• **Records supplied**
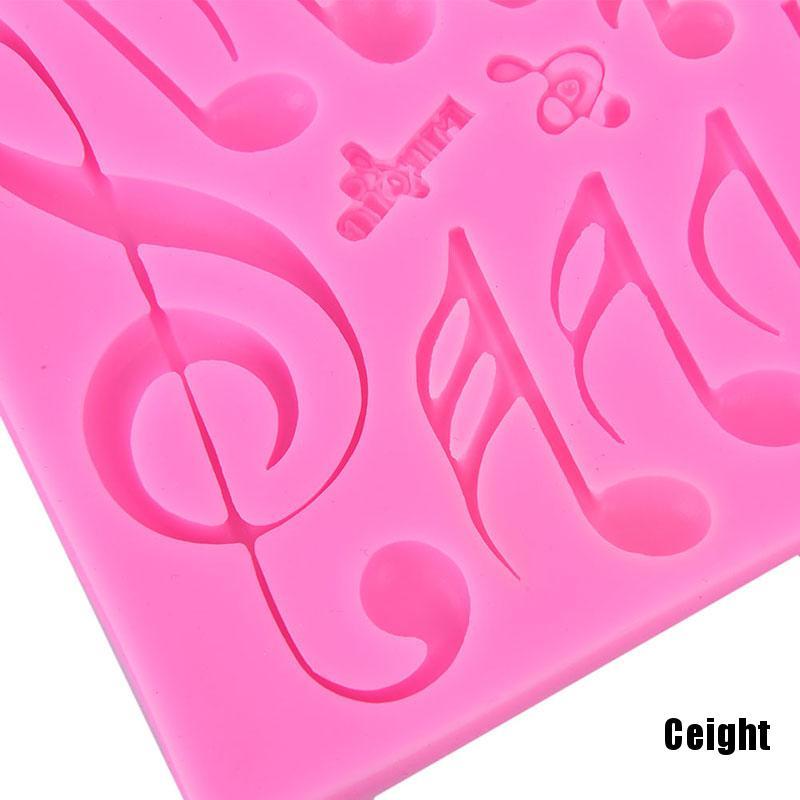 Khuôn Silicone Làm Bánh Hình Nốt Nhạc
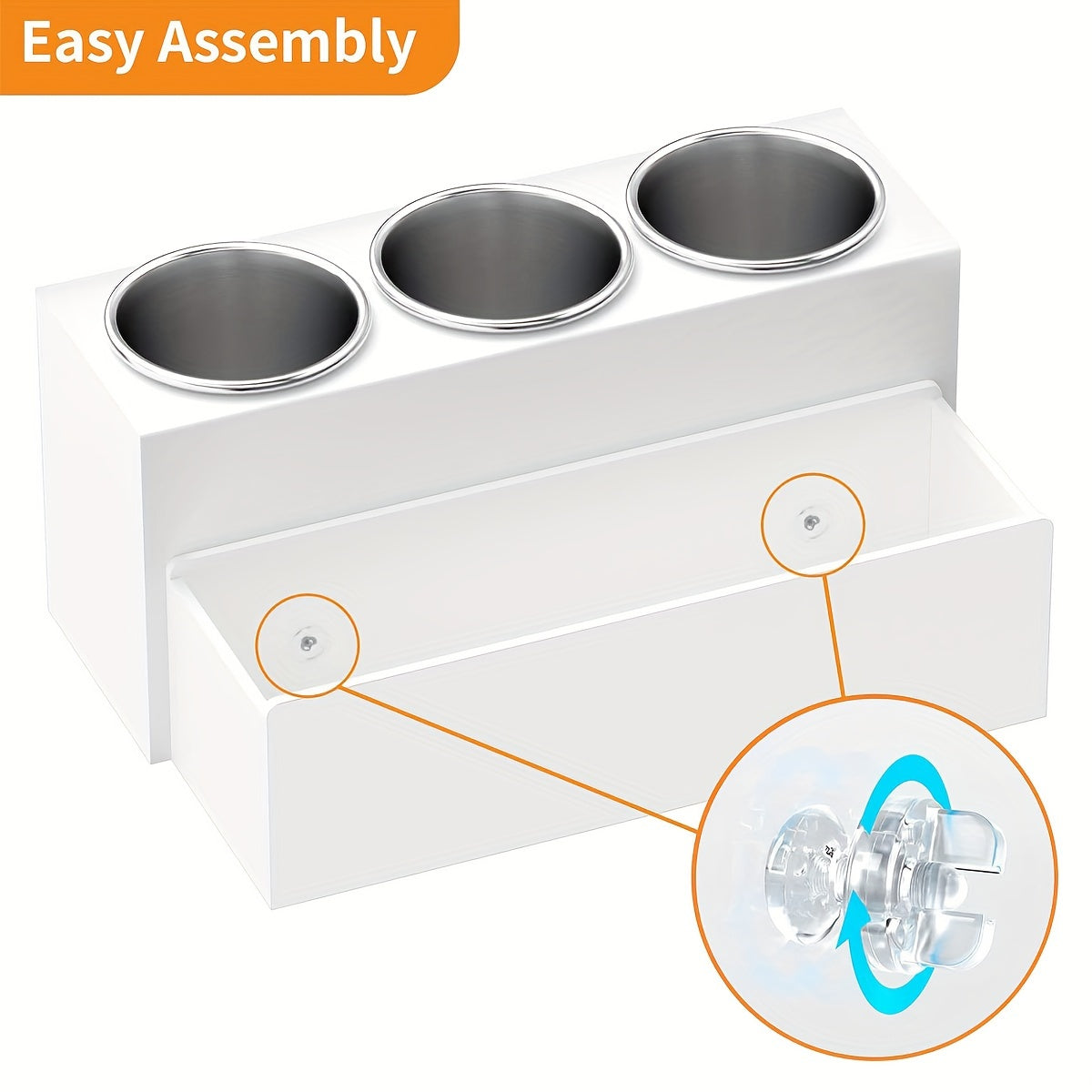 Acrylic Hair Tool Organizer Organizer - Heat-Resistant Adjustable Storage For Hair Dryers, Straighteners & Curling Irons | Makeup Brush Holder | Space-Saving For Bathroom, Vanity, Travel & Salon Stations | Perfect For Stylists, Brides & Home Users
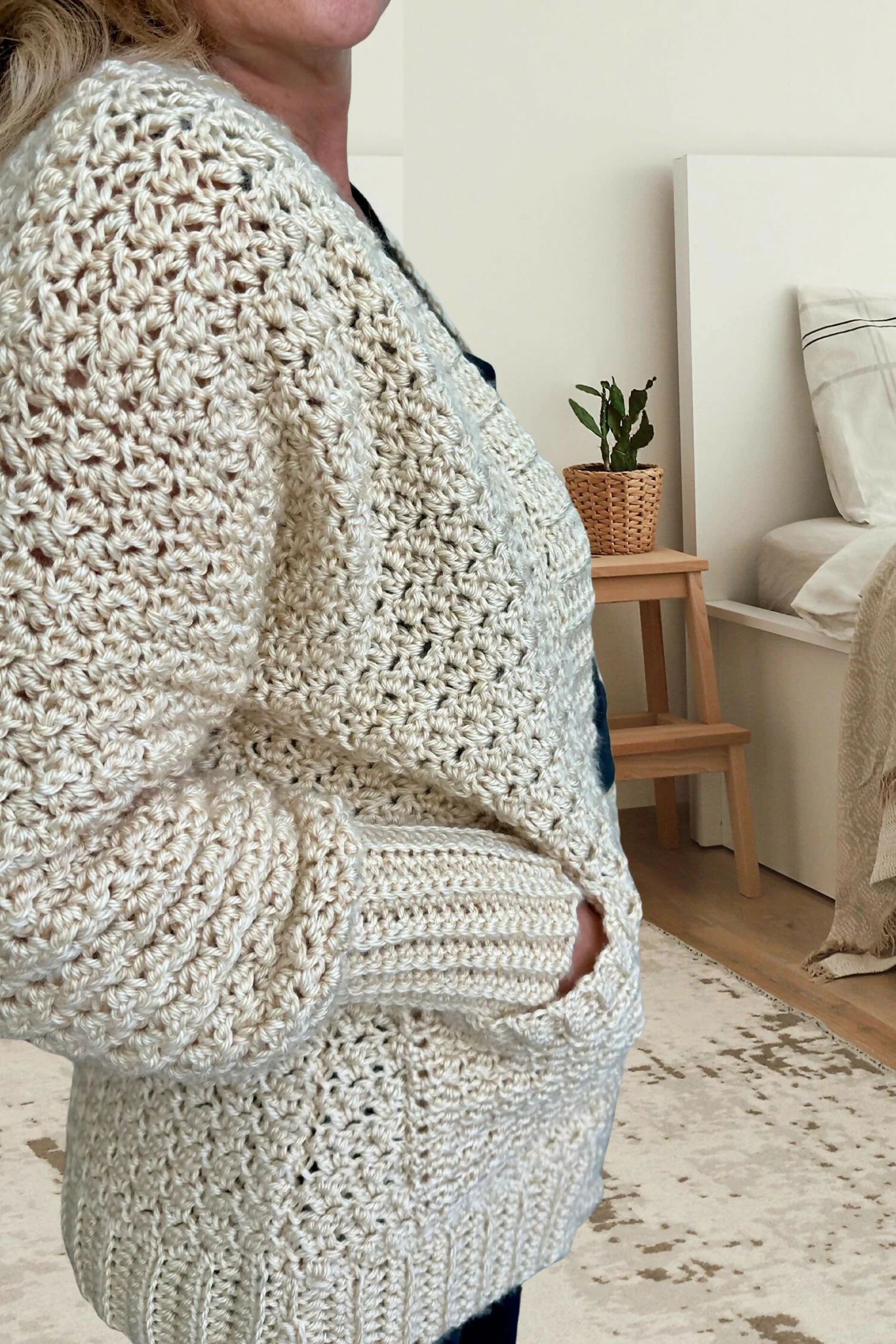 Wrenley Oversized Cardi (Crochet) - Image 2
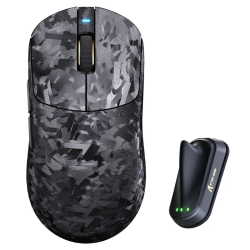 ATTACK SHARK RS3 ULTRA Carbon Fiber Wireless PAW3955MAX Gaming Mouse - Black ATTACK SHARK RS3 ULTRA Carbon Fiber Wireless PAW3955MAX Gaming Mouse - Black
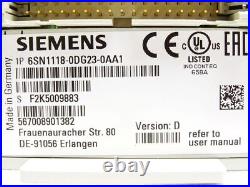 Siemens 6SN1118-0DG23-0AA1 / Version D/Slide-Rule for Simodrive 611 / New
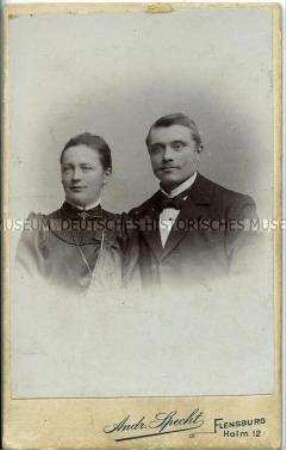 Porträt eines Paares, Carte de visite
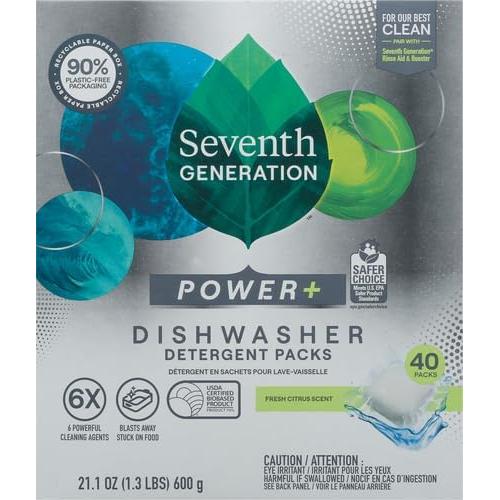 Detergente para Lavavajillas Seventh Generation 40 Unidades Cítricos
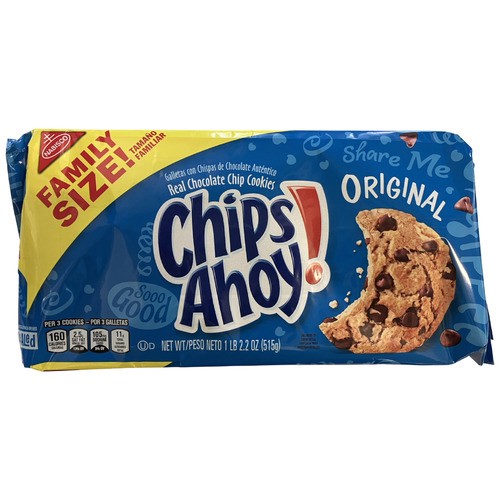 slide 1 of 1, Chips Ahoy! original, family size, 18.2 oz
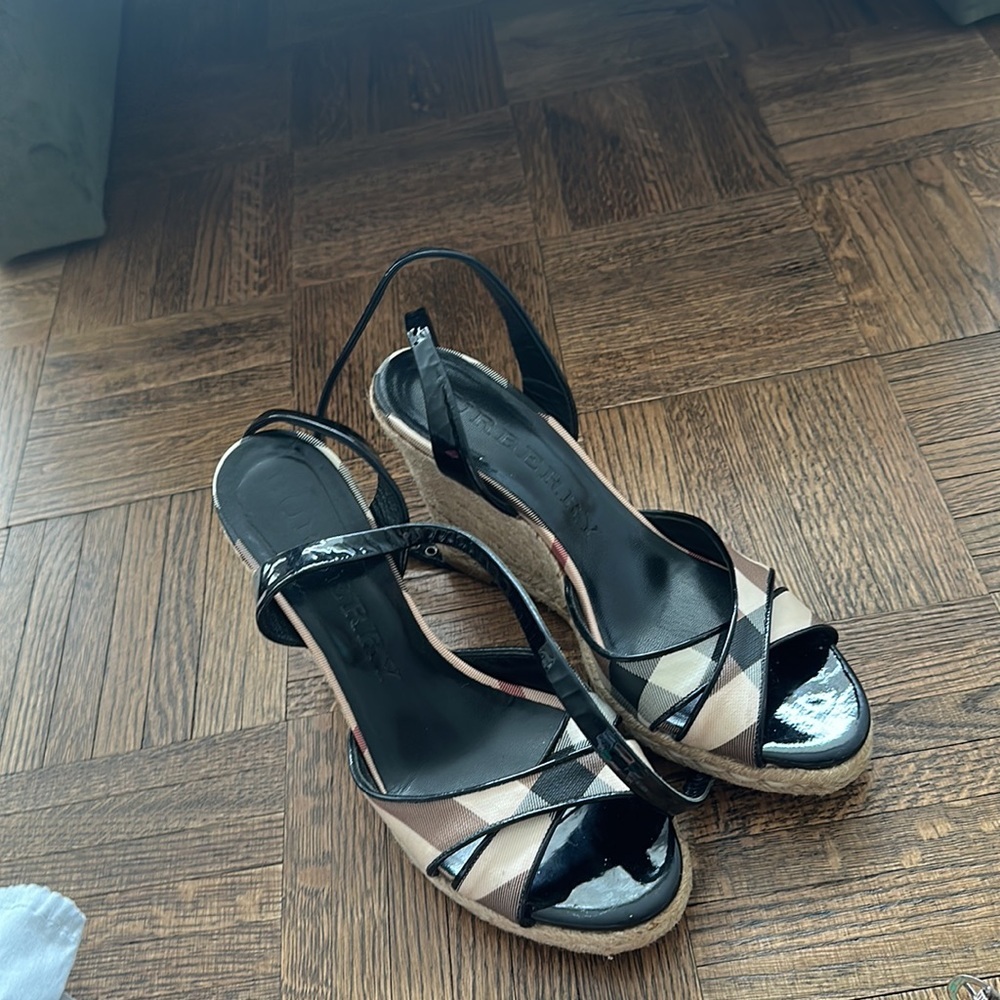 Burberry espadrilles heels - Picture 2 of 8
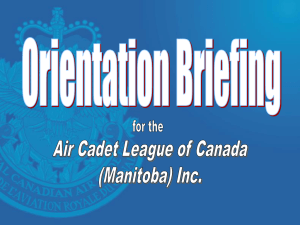 ACL Training Presentation - Manitoba Air Cadet League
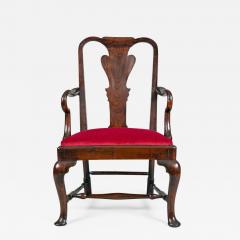 George II Elm Open Arm Chair - 1894333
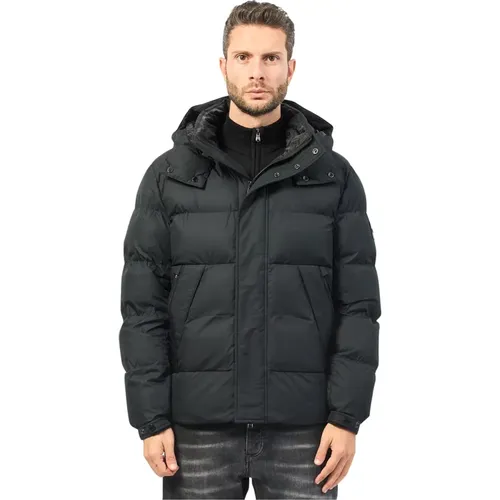 Herren Gepolsterte Jacke mit Abnehmbarer Kapuze , Herren, Größe: M - Hugo Boss - Modalova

• **Work instructions**
Counting both ends, reproduce word for word the lines from the line with "Wrenley Oversized Cardi (Crochet) - Image 2" to the final line of the listing above, skipping every picture.

• **Problem solution**
 Wrenley Oversized Cardi (Crochet) - Image 2
 ATTACK SHARK RS3 ULTRA Carbon Fiber Wireless PAW3955MAX Gaming Mouse - Black ATTACK SHARK RS3 ULTRA Carbon Fiber Wireless PAW3955MAX Gaming Mouse - Black
 Siemens 6SN1118-0DG23-0AA1 / Version D/Slide-Rule for Simodrive 611 / New
 Porträt eines Paares, Carte de visite
 Detergente para Lavavajillas Seventh Generation 40 Unidades Cítricos
 slide 1 of 1, Chips Ahoy! original, family size, 18.2 oz
 Burberry espadrilles heels - Picture 2 of 8
 ACL Training Presentation - Manitoba Air Cadet League
 George II Elm Open Arm Chair - 1894333
 Herren Gepolsterte Jacke mit Abnehmbarer Kapuze , Herren, Größe: M - Hugo Boss - Modalova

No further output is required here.